Omit every picture. Return all other data as it stands.
RECORDS SHOWN below:
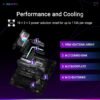 ASUS ROG Strix X870E-E Gaming WiFi AMD AM5 X870 ATX Motherboard 18+2+2 Power Stages, Dynamic OC Switcher, Core Flex, DDR5 AEMP, WiFi 7, 5X M.2, PCIe® 5.0, Q-Release Slim, USB4®, AI OCing & Networking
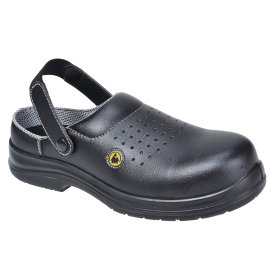 Portwest Compositelite ESD Perforated Safety Clog SB AE Crna 47 PORTWEST FC03BKR47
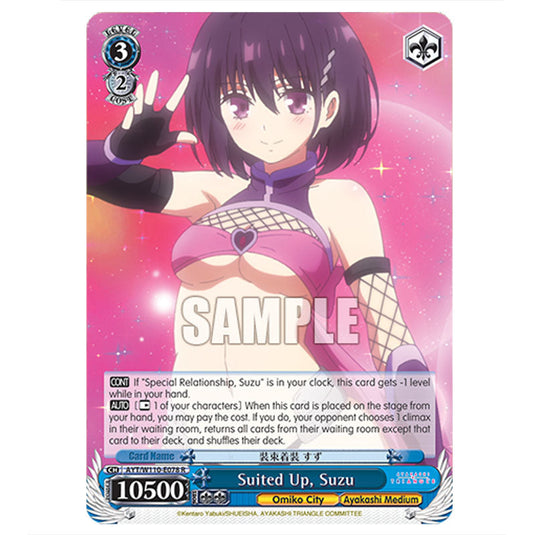 Suited Up, Suzu AYT/W110-E078 card from the Weiss Schwarz set Ayakashi Triangle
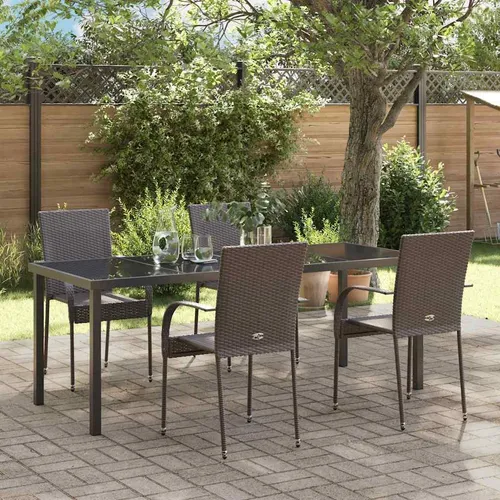 Maison Exclusive Garten Essgruppe 5-teilig
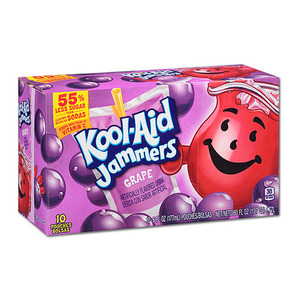 Kraft Foods Kool Aid Jammers Grape 10's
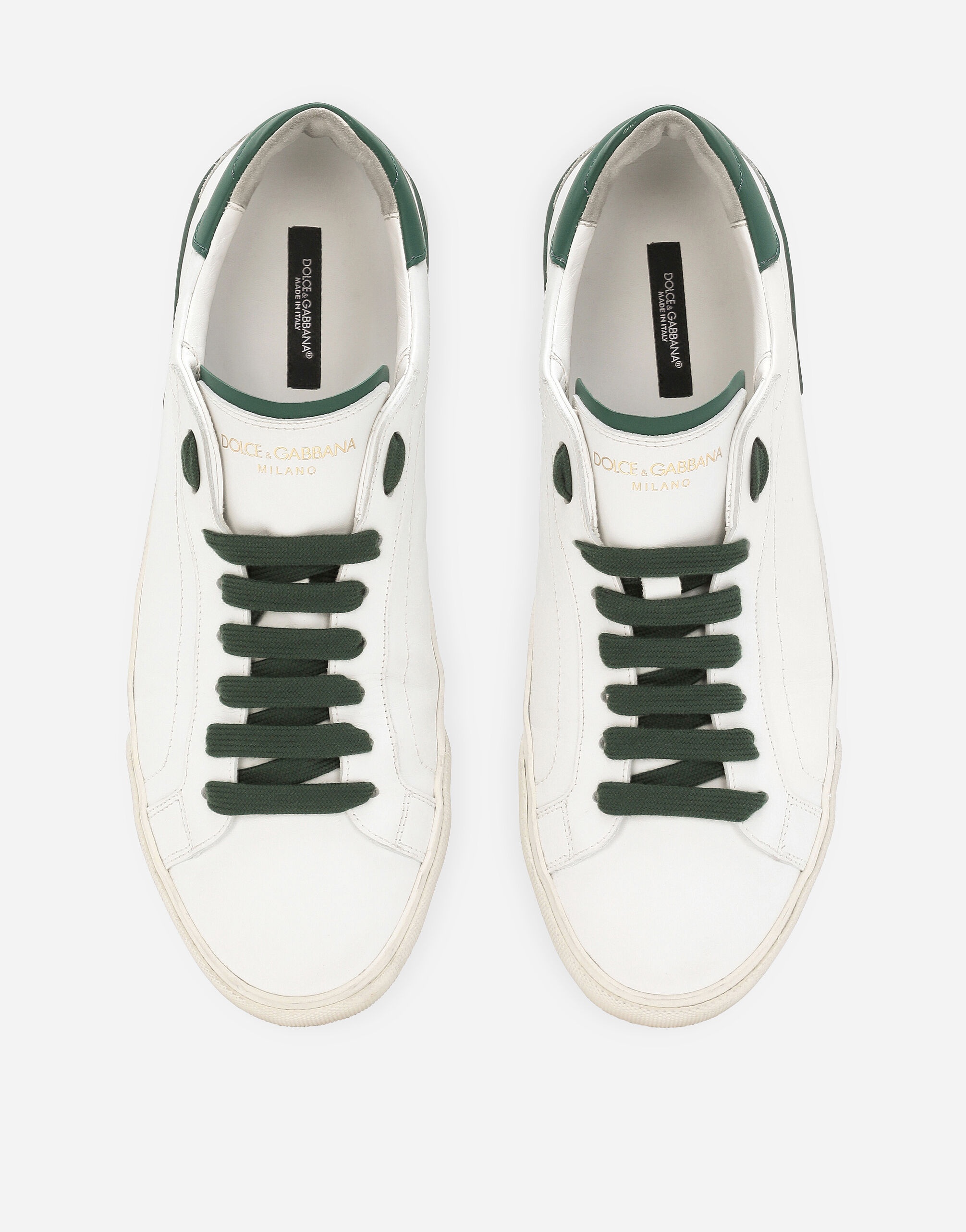 Portofino vintage calfskin sneakers - 4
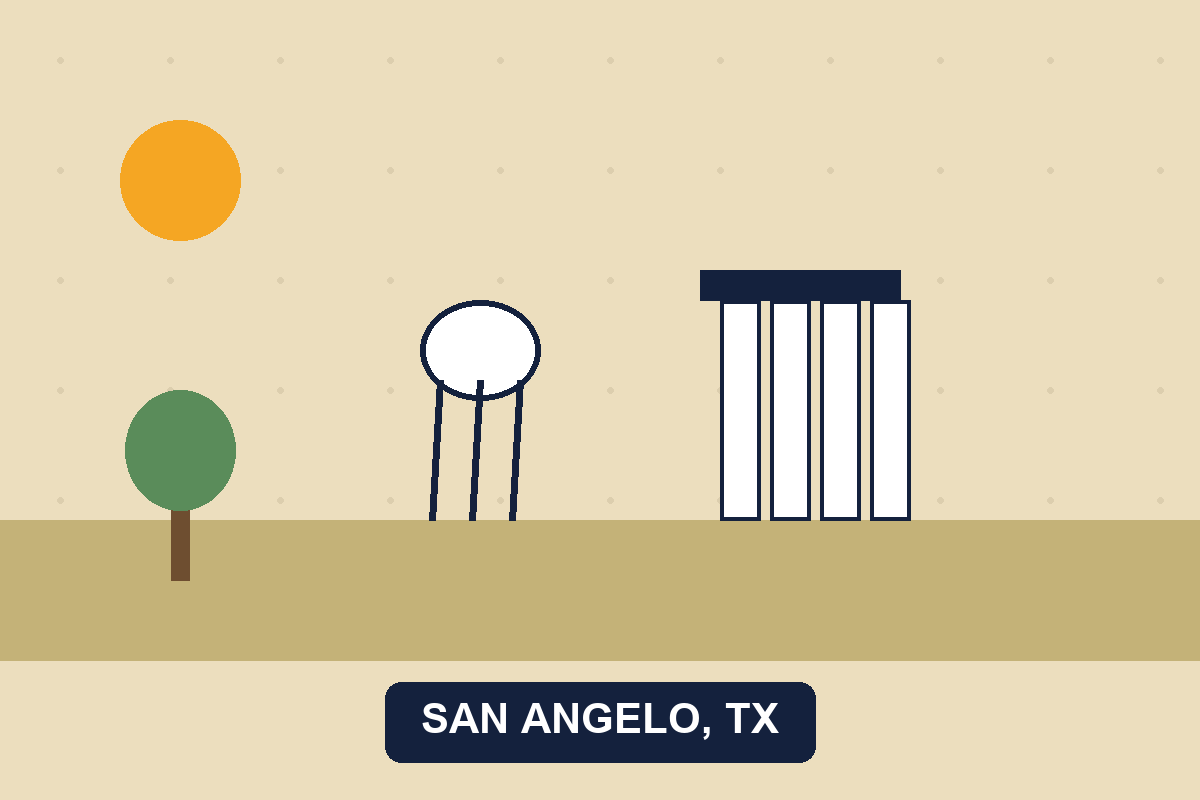 Pest control San Angelo TX illustration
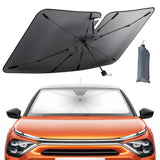 Car Windshield Sunshade Umbrella - Foldable Car Windshield Sun Shade Cover, 5 Layers UV Block Coating, 52"x31" Front Window Heat Insulation Protection, for Auto Sedan, SUV Windshield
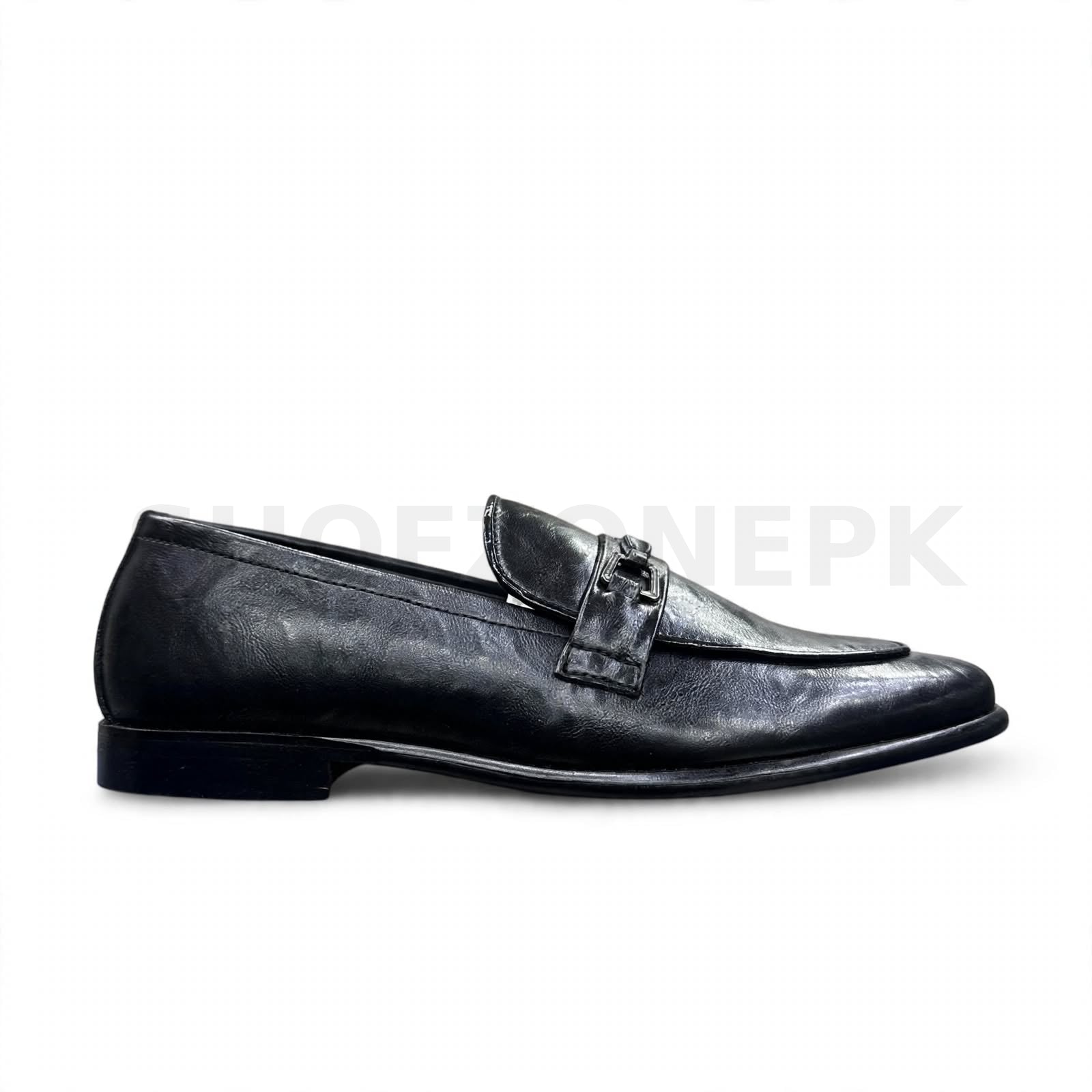 Buckle Pointed Loafer Formal Black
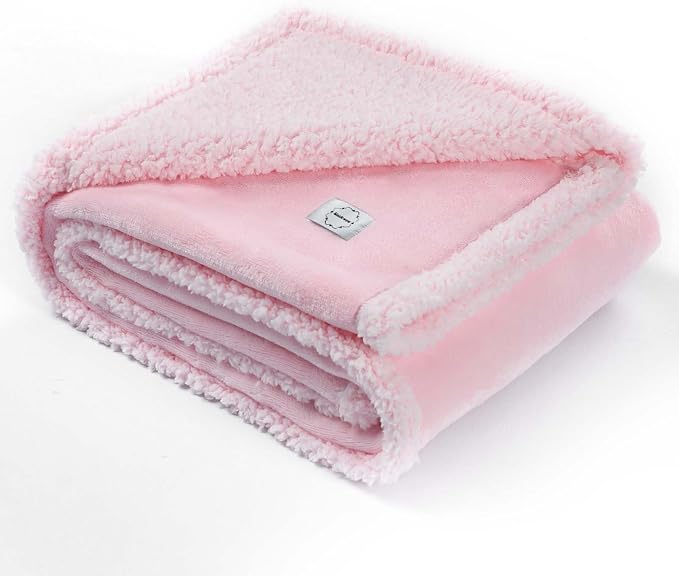 Waterproof Dog Blanket Reversible Fluffy Pet Bed Cover Pink Puppy Blankets Leakproof Sofa Couch Washable Cover Cat Pet Blanket for Warm-S by Unknown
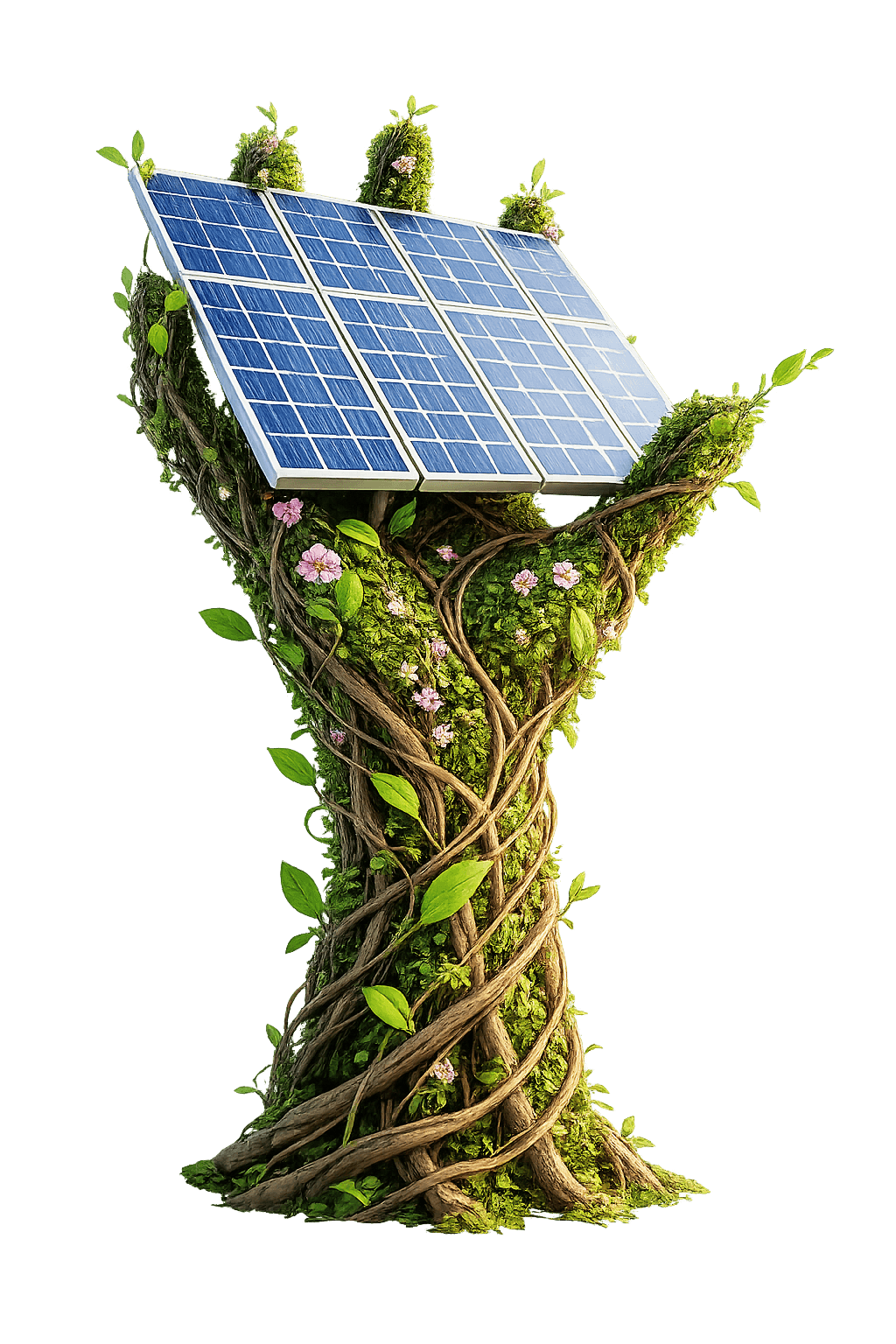 Solar panel tree – powering every space sustainably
End of RECORDS SHOWN.
**SOLUTION**
 ASUS ROG Strix X870E-E Gaming WiFi AMD AM5 X870 ATX Motherboard 18+2+2 Power Stages, Dynamic OC Switcher, Core Flex, DDR5 AEMP, WiFi 7, 5X M.2, PCIe® 5.0, Q-Release Slim, USB4®, AI OCing & Networking
 Portwest Compositelite ESD Perforated Safety Clog SB AE Crna 47 PORTWEST FC03BKR47
 Suited Up, Suzu AYT/W110-E078 card from the Weiss Schwarz set Ayakashi Triangle
 Maison Exclusive Garten Essgruppe 5-teilig
 Kraft Foods Kool Aid Jammers Grape 10's
 Portofino vintage calfskin sneakers - 4
 Pest control San Angelo TX illustration
 Car Windshield Sunshade Umbrella - Foldable Car Windshield Sun Shade Cover, 5 Layers UV Block Coating, 52"x31" Front Window Heat Insulation Protection, for Auto Sedan, SUV Windshield
 Buckle Pointed Loafer Formal Black
 Waterproof Dog Blanket Reversible Fluffy Pet Bed Cover Pink Puppy Blankets Leakproof Sofa Couch Washable Cover Cat Pet Blanket for Warm-S by Unknown
 Solar panel tree – powering every space sustainably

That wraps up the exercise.